As noted last week, the rate of FTSE100 AGMs has begun to slow down, with only five companies holding their AGMs last week.  So how did those companies fare, and are the suggestions of a new shareholder spring warranted?

Four of the five AGMs that were held last week saw shareholder support of over 90% for both sections of the Directors’ Remuneration Report (presumably meaning that the remuneration committee members of Antofagasta, Glencore Xstrata, Legal & General and Royal Dutch Shell were able to enjoy the long bank holiday weekend in relative peace and quiet). Details of the exact numbers can be found in our single source document.

Despite releasing an addendum to its DRR in advance of its AGM on 23 May (to clarify arrangements for the Chairman under the Group Performance Share Plan), HSBC wasn’t able to replicate that level of support, with the policy report receiving a 79.35% backing, and the implementation report enjoying a slightly higher rate at 83.95%.

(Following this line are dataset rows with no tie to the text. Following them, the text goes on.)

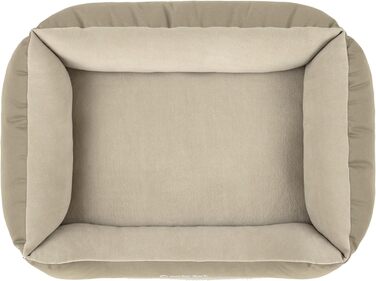 Крісло-ліжко для собак Doctor Bark - GreenLabel (S, 74x55 см) - м'яке, зручне, зелено-коричневе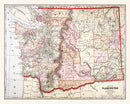 Vintage Map of Washington 1904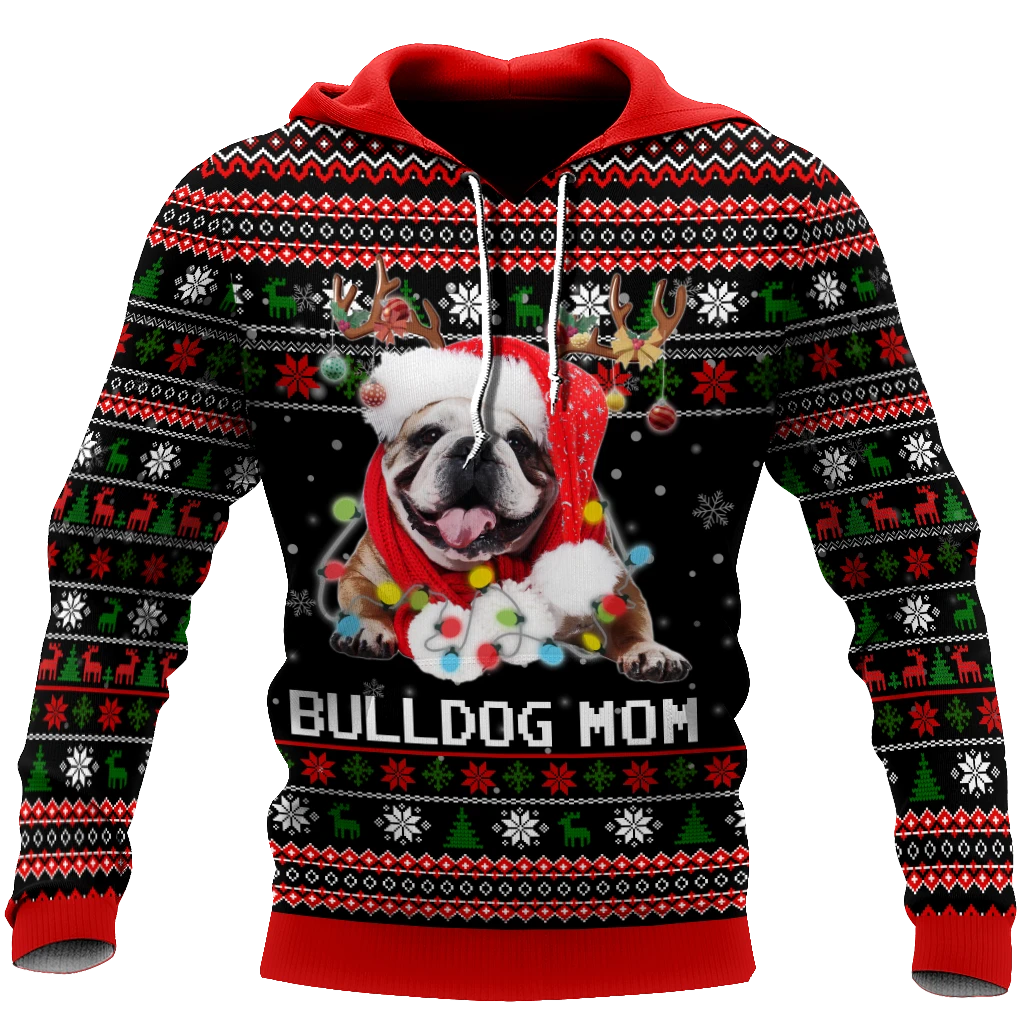 Awesome hoodie 3d all print Bulldog Mom hoodie for Men and Women, T-shirt, Zip Hoodies, Sweatshirt NQ237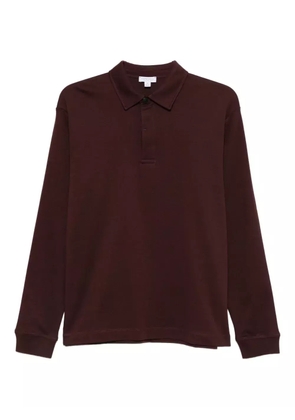 Sunspel long-sleeve polo shirt - Red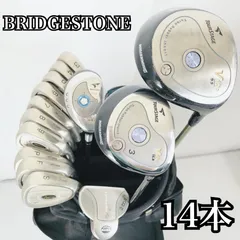 豪華 14本 BRIDGESTONE ブリヂストン MIZUNO ミズノ メンズ ゴルフ クラブ セット 初心者 入門 バッグ付き フルセット 右利き パター付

In addition, BT and Tesco published their DRRs last week, with AGMs scheduled for 16 July and 27 June respectively.

Over the next couple of months, the focus will shift to the 31 March year end FTSE100 companies.  It will be interesting to see how those DRRs tackle some of the more sensitive areas (such as recruitment policies) and whether it is possible to see trends emerging (and possibly lessons learned?) from the September year ends, the December year ends and the March year end FTSE 100s. As described in our previous post, a number of companies have faced a backlash from shareholders during the 2014 AGM season, leading many comments in the media suggesting a renewed shareholder spring along the lines of that seen in 2012.  In truth, the jury’s still out on that one, and probably will be until we have seen how the remaining AGMs fare.  Even if the current season fails to replicate the hostility witnessed in 2012, it is fair to say that executive pay remains a crucial issue for investors, with both the release of a DRR and the vote at the AGM being significant opportunities for adverse publicity if companies get either “wrong”.